13. Op. cit., p. 17-18.
14. Subjectivise. Le solipsisme est une figure de pensée qui consiste à ne reconnaître d’autre réalité que celle perçue par sa propre conscience.
15. Dans la mythologie grecque, nom du chien à trois têtes qui gardait l’entrée des enfers.
16. Op. cit., p. 64.
17. De “diégèse” (du grec diegesis = l’histoire), terme de narratologie.

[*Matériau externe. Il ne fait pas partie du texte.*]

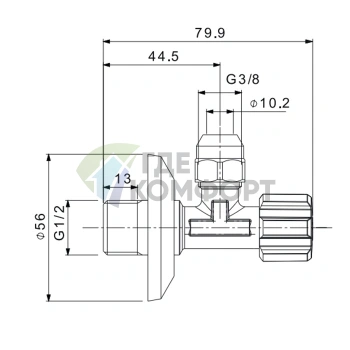Вентиль для раковины Fima Carlo Frattini, хромированный, 1/2, подключение 3/8, с удлинённой муфтой (F205/1CR1/2) - фото 2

18. La « causalité courte » désigne le raisonnement logique consistant à expliquer un phénomène par une cause immédiate, proche, pas forcément la bonne. En psychanalyse, elle désigne une causalité psychique individuelle par opposition à une causalité sociohistorique collective. Appliquée à la stylistique par Jean Starobinsky, elle désigne une cause superficielle par opposition à une cause profonde, ou une cause réduite à l’un de ses principes efficients. Par exemple, évoquant une tentative d’empoisonnement de Frédéric II de Prusse dans ses Mémoires, Voltaire écrit qu’ « un plat de champignons faillit décider du sort de l’Europe ». La causalité courte consiste ici à réduire le complot à son moyen : l’empoisonnement aux champignons vénéneux. Dans le texte de Nabokov, elle réside plutôt dans le détournement de la cause efficiente de la mort d’Annabelle du typhus vers l’épisode frustrant de la plage.
19. Ada ou l’ardeur, traduit de l’anglais par Gilles Chahine et Jean-Bernard Blandenier ; Fayard, 1975 ; p. 411-412. Le magistral récit du suicide de Lucette s’ouvre d’ailleurs sur ce lapsus révélateur : « Bien que jamais encore Lucette n’eût plongé dans la mort – non, la « mer », Violet – d’une pareille hauteur au milieu d’un tel désordre d’ombres et de reflets serpentiformes, elle entra presque sans une éclaboussure dans la vague qui se gonfla pour l’accueillir ». Notons aussi la couleur encore peu avenante de l’océan (« Violet »), le thème récurrent du monstre sous-jacent (« de reflets serpentiformes ») et le zèle de la mer à s’offrir en tombeau à Lucette : « la vague (…) se gonfla pour l’accueillir ».